Bold, irreverent and outspoken in tone, top performer Irn-Bru’s ranking was probably also helped by the afterglow of its most recent social campaign Irn-Bru Gets You Through, supporting this summer’s Commonwealth Games in Glasgow.

Irn-Bru uses video extensively across social platforms that receive high engagement levels. A lot of its branded content is unrelated to the beverage industry and instead draws on wider cultural issues, and references timely news and events.

Whiskas (4)

The top scoring brand on Facebook, Whiskas’ aim in its social activity is to share useful feline-related information. Most content includes visuals of cats, which isn’t seasonal or campaign-related, so it invites consistent engagement all year round from cat lovers, helping create a loyal community of brand advocates. These users are keen to share their photos of their pets with the brand and this is then shared by Whiskas on social channels.

Pepsi (5)

Pepsi Max has changed its social media objectives in the last couple of years, no longer chasing fans but instead focusing on quality of content. It receives high engagement rates through content that its community finds valuable, such as competitions where the community is asked to follow/retweet in order to enter or through monetary gain (sports or music tickets for example) in turn for engaging with content.

Innocent

Innocent (39)

The smoothie brand is informal and chatty in manner, and this may be one of the contributing factors to its low engagement rates. On Twitter, for example, the brand offers great customer service by replying via @mentions to the majority of users who actively engage with it. It is these interactions that may have brought the brand’s engagement score down. This raises the question as to whether engagement is the best metric for which to rank brands, now that the social media landscape is changing.

Red Bull (84)

The energy drink brand fared much the same as Coca-Cola in the engagement-focused ranking, for similar reasons. As Facebook has now reduced brand organic reach (which means how many fans see their content in their newsfeeds) to a minimal percentage, Red Bull’s content still receives high levels of engagement in the form of likes, comments and shares, but this is not proportional to the significant sizes of its Facebook or Twitter communities (44 million and 12,000 respectively).

the supermarkets

Aldi

Aldi (1)

Perhaps surprisingly, Aldi came out on top in the rankings. After all it has half as many followers on Facebook compared with M&S, and a third as many as M&S on Twitter. Yet Aldi scooped top spot while M&S was last. So what’s going on?

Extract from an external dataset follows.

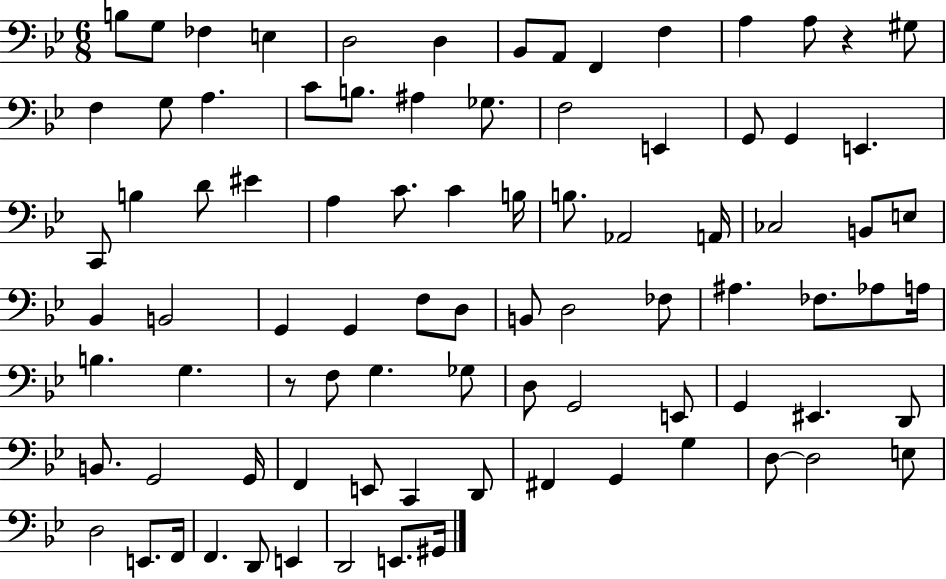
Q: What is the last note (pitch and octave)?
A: G#2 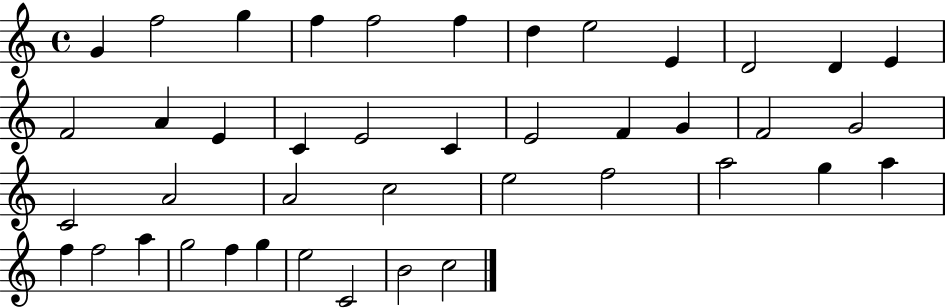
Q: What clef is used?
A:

It shows you still have to engage your fans and probably reflects the new Facebook reality, says Sponder.

M&S (11)

M&S has gained good results from some of its social media activity; indeed it has appeared at the top of other social media rankings in the past. It has been generating engaging shareable content, such as pictures of übermodel David Gandy looking moody in his pants.

“It’s generating thousands of likes for every photo,” says Bhurji. “It’s obviously shareable content that a female audience can engage with.”

So why the low score? “You can’t fault what M&S is doing in terms of content,” says Sponder. “They are creating a nice variety of it and getting high engagement levels. However, for M&S to garner top results, they have to pay for getting content out to people. If you want to get involved you have to pay to be big players in social media now. There is no point having millions of Facebook fans unless you support your campaign with paid media to make sure it ends up in the news feeds of the right people.”

Asda (2)

Conversely, Asda seems to be reaping the benefits from its content strategy, notably its YouTube channel Mum’s Eye View, which features vloggers (video bloggers) including vlogger megastar Zoella talking about cooking and shopping featuring Asda products.

“It’s appealing to an audience of young mums and doing really well,” says Sponder. At last count, the channel has over 57,000 subscribers and its videos, which are effectively Asda advertisements, have been viewed more than two million times.